The four met at Auckland's Elam art school but it wasn't until Poole and Corban, working and studying in London at the time, talked about setting up an "ideas company" that Alt Group was born.
It was the 1990s and British art had "exploded", says Corban, and artists such as Damien Hirst (of the dissected shark in a tank and the diamond-encrusted skull fame) were making big money by selling direct to the public.
The pair returned to New Zealand, reunited with filmmaker Edwards and 3D design specialist Curnow and began working with one computer from a studio in the Auckland suburb of Kingsland.
Like most start-ups, they found it hard to get their name known.
"We just sat around waiting for the phone to ring and it didn't ring," says Corban.
"That drove us to take the long and hard road. The simplest way to build a firm is to work in the industry and get experience and contacts first, but we had to build everything from scratch."
And scratch they did, not paying themselves for several years and "living on a sack of rice".
None of the four had business experience and although they hired an accountant chairman, and board members to keep the business running smoothly, they learned from trial and error about things such as the importance of drawing up contracts for every project.
They also had to refine their too-broad offerings which included sound design, something Poole says the market wasn't ready for.
The company is now divided into four specialist areas: design strategy, graphic design, interactive design and environmental design, which includes 3D projects.
Family and friends provided the contacts and projects for the early jobs, but the company's diverse client list now includes Mighty River Power, Black Grace dance company, law firm Bell Gully and Australasian architects Architectus.
Alt's first major contract - still ongoing five years later - was to promote New Zealand Trade & Enterprise's Better By Design programme, encouraging businesses to naturally incorporate design in their methods and processes. NZTE has since used Alt for more campaigns, for which the company has won further awards, including the prestigious Australian Graphic Design Pinnacle award which Alt won last year for the second year running.
The company works hard at forming long-lasting relationships, says Corban, and a couple of early customers such as fashion designer Karen Walker and airport transporter Super Shuttle are still on Alt's books. Designers work directly with clients, rather than have an account manager passing on information.
The firm now has 17 staff and works from an airy two-storey studio in Ponsonby. The centre is taken up by a kitchen, from which a cooked lunch is produced and shared most days - a chance to share ideas, says Corban, and the smell of roast lamb is a "great motivation".

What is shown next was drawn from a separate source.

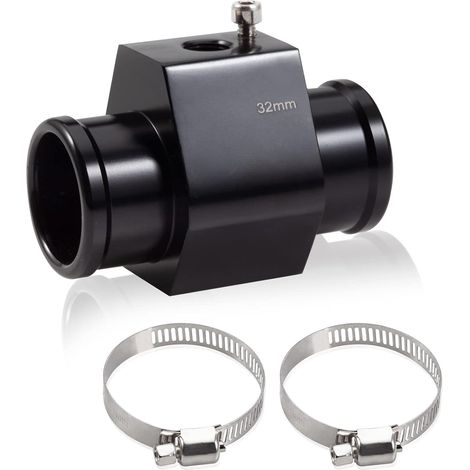 Connecteur de tuyau en aluminium de 32 mm pour radiateur avec 2 colliers de serrage, jauge de température de l'eau, adaptateur de capteur de température de l'eau (1/5)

When recruiting, Poole and Corban look for "T-shaped" people - those with a broad spectrum of skills but a deep specialisation in one area - and have employed people with pure marketing, writing, technology or academic backgrounds.
Customers appreciate the company's diversity. Hawkes Bay's Ngatarawa Wines had been working with Alt Group for several years (Corban is a member of the West Auckland Corban winemaking family and has contacts in the industry) before deciding a new business model was needed.
The winery wanted to extend its distribution methods and had an idea about setting up a label sold online, says Farmgate manager John Mackinder, who also contracts to Ngatarawa in sales and marketing.
Alt Group came up with the name and concept of Farmgate, a domestic-only label based on the slow food movement and the trend towards local farmers' markets. Pictures of local producers are used on the labels; the local cherry grower on the bottle of merlot, a local fisherman on the pinot gris, and the wine is sold through selected retailers and distributors of local produce, as well as online.
The idea was a change for Ngatarawa which had previously only used traditional marketing and retailing methods, but the board were "very good" about it, says Mackinder, and he wouldn't do anything differently.
The company released seven wines last year, three more are planned for this year and sales are growing, he says.
Alt Group also aims to continue growing, says Corban. "Ultimately we want to build a resilient business that lasts beyond its founders, that can be perpetuated. If you get beyond first generation, you're doing quite well in New Zealand."